Scraped caption text data
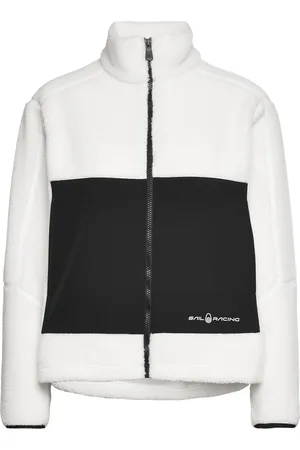 Sail Racing W Gale Pile Zip Jacket White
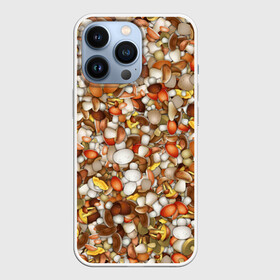 Чехол для iPhone 13 Pro с принтом Грибы. Много грибов в городе Новоалтайск,  |  | Тематика изображения на принте: лес | охота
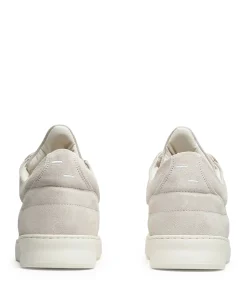 Low Top Suede Organic heren sneakers ecru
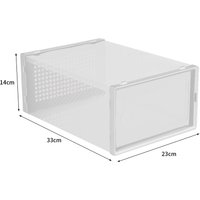 12x Stackable Shoe Storage Box Organiser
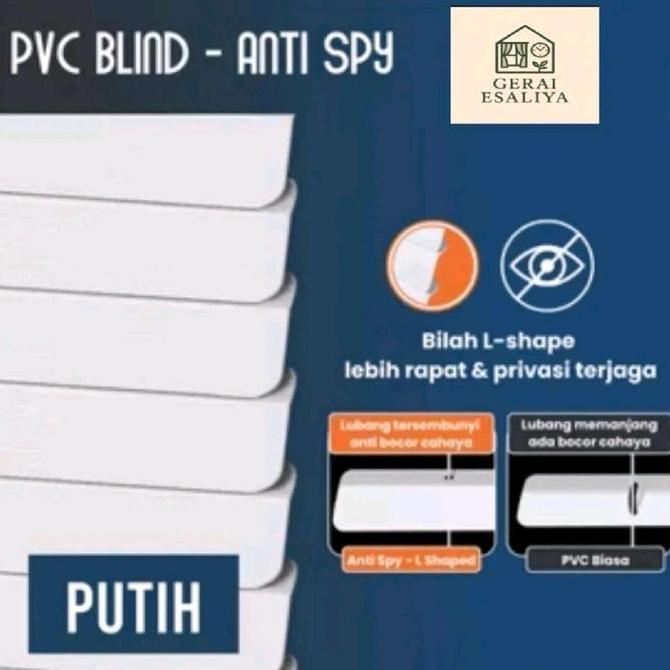 Promo Tirai Jendela Gorden Jendela Pvc Venetian Blind Kerei Jendela Tirai Gulung 40X180 60X180 Tirai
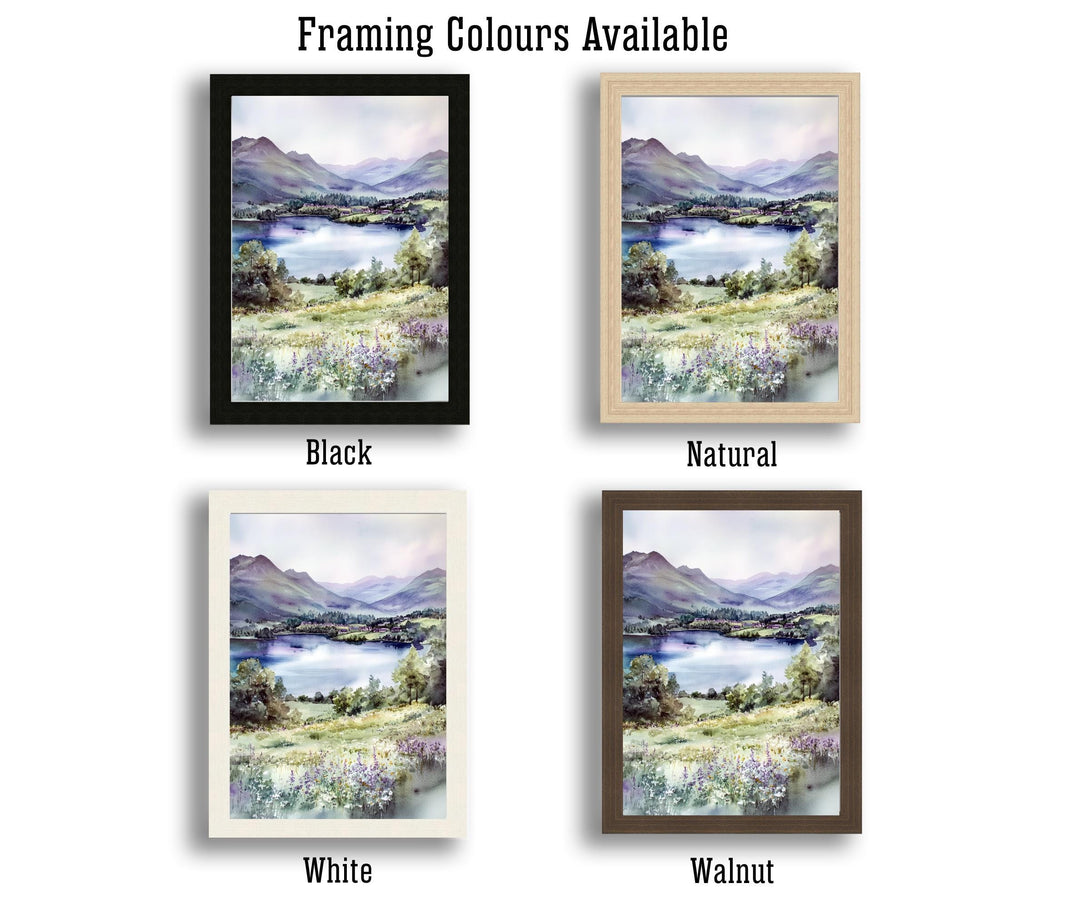 Keswick Lake District Watercolor Travel Print Wall Decor Wall Art Keswick Landscape Wall Hanging Home Décor English Countryside Gift Art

| Activity |
Could you print the data exactly as it appears and keep the pictures out?

| Response area |
 Sail Racing W Gale Pile Zip Jacket White
 Чехол для iPhone 13 Pro с принтом Грибы. Много грибов в городе Новоалтайск,  |  | Тематика изображения на принте: лес | охота
 Low Top Suede Organic heren sneakers ecru
 12x Stackable Shoe Storage Box Organiser
 Promo Tirai Jendela Gorden Jendela Pvc Venetian Blind Kerei Jendela Tirai Gulung 40X180 60X180 Tirai
 Keswick Lake District Watercolor Travel Print Wall Decor Wall Art Keswick Landscape Wall Hanging Home Décor English Countryside Gift Art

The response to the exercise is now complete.